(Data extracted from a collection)
----------------------------------------

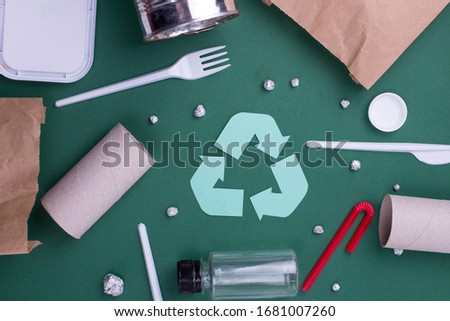 Reuse reduce recycle flat lay concept with plastic, paper, and polyethylene waste. Template image with recycling symbol.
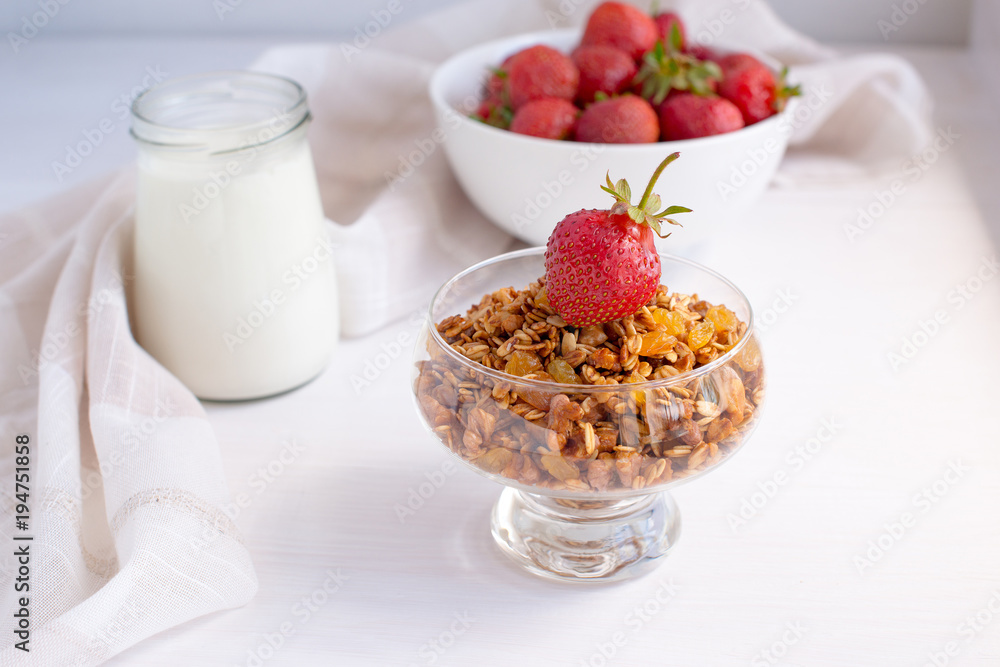 Homemade granola in jar on rustic kitchen table, healthy breakfa Homemade granola in jar on rustic kitchen table, healthy breakfa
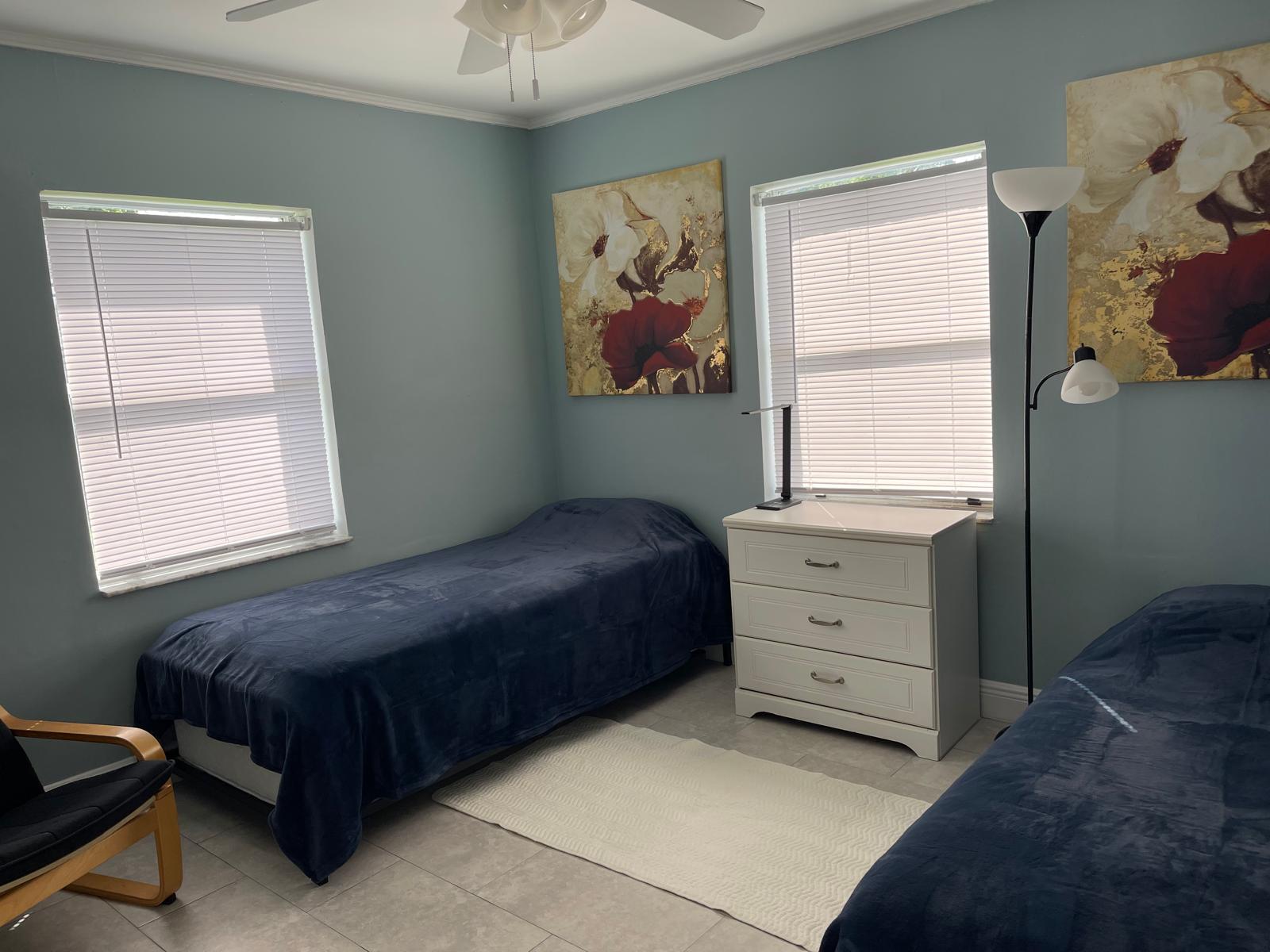 2776 Seminole Road Palm Springs, FL 33406 - Photo 20 of 24 a bedroom with a bed and window
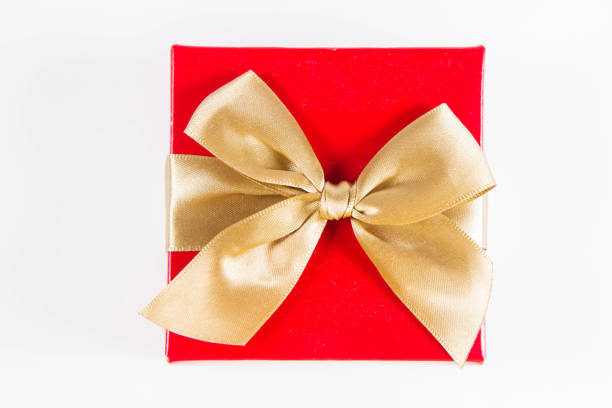 istock Wrapped gift with a golden ribbon 1090502594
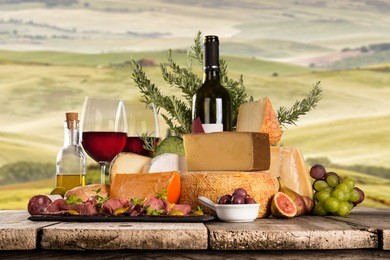 delicious cheeses with red wine on wooden table. italian countryside, tuscany.
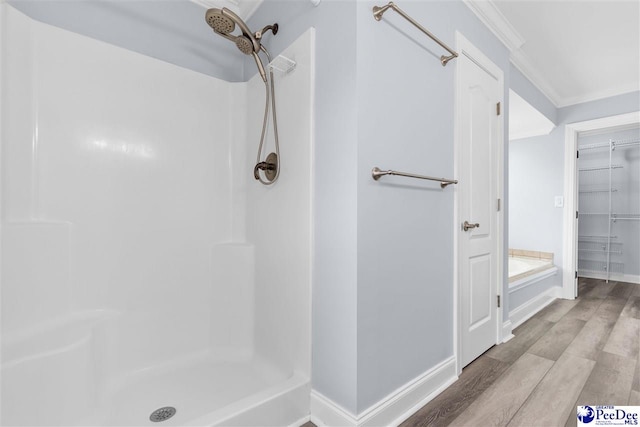 bathroom with a walk in closet, baseboards, crown molding, walk in shower, and wood finished floors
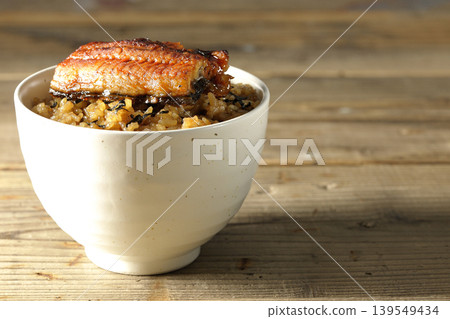 A single photo of a mini eel rice bowl. A single photo of a mini eel rice bowl. 139549434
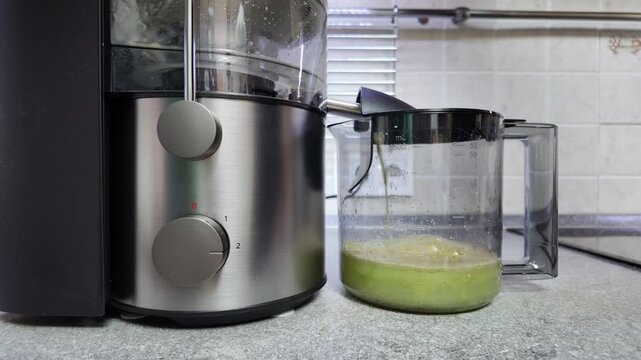 Electric juicer extracting fresh green juice filling transparent pitcher in kitchen, time-lapse video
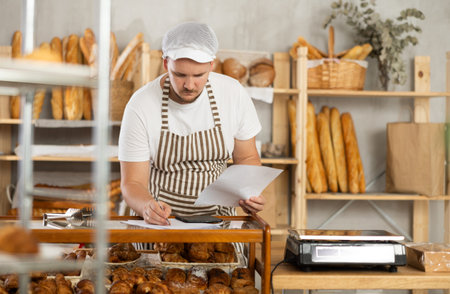 Bakery employee in apron examines documents, ponders debt restructuring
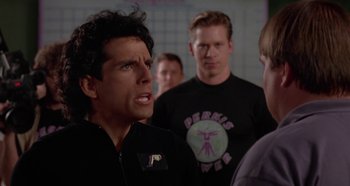 Movie still from “Heavyweights” (1995), directed by Steven Brill – A group of men standing next to each other in a room; Close Up shot, Over the shoulder angle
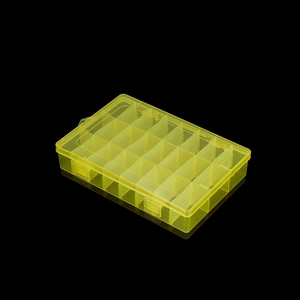 Detail view of the yellow semi-transparent 24-compartment storage box with double buckles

----------------------------------------

- **Exercise**: Leaving the pictures out, set down all of the data again exactly.

- **Your solution**:
 Reuse reduce recycle flat lay concept with plastic, paper, and polyethylene waste. Template image with recycling symbol.
 Homemade granola in jar on rustic kitchen table, healthy breakfa Homemade granola in jar on rustic kitchen table, healthy breakfa
 2776 Seminole Road Palm Springs, FL 33406 - Photo 20 of 24 a bedroom with a bed and window
 istock Wrapped gift with a golden ribbon 1090502594
 delicious cheeses with red wine on wooden table. italian countryside, tuscany.
 bathroom with a walk in closet, baseboards, crown molding, walk in shower, and wood finished floors
 A single photo of a mini eel rice bowl. A single photo of a mini eel rice bowl. 139549434
 Electric juicer extracting fresh green juice filling transparent pitcher in kitchen, time-lapse video
 Bakery employee in apron examines documents, ponders debt restructuring
 Movie still from “Heavyweights” (1995), directed by Steven Brill – A group of men standing next to each other in a room; Close Up shot, Over the shoulder angle
 Detail view of the yellow semi-transparent 24-compartment storage box with double buckles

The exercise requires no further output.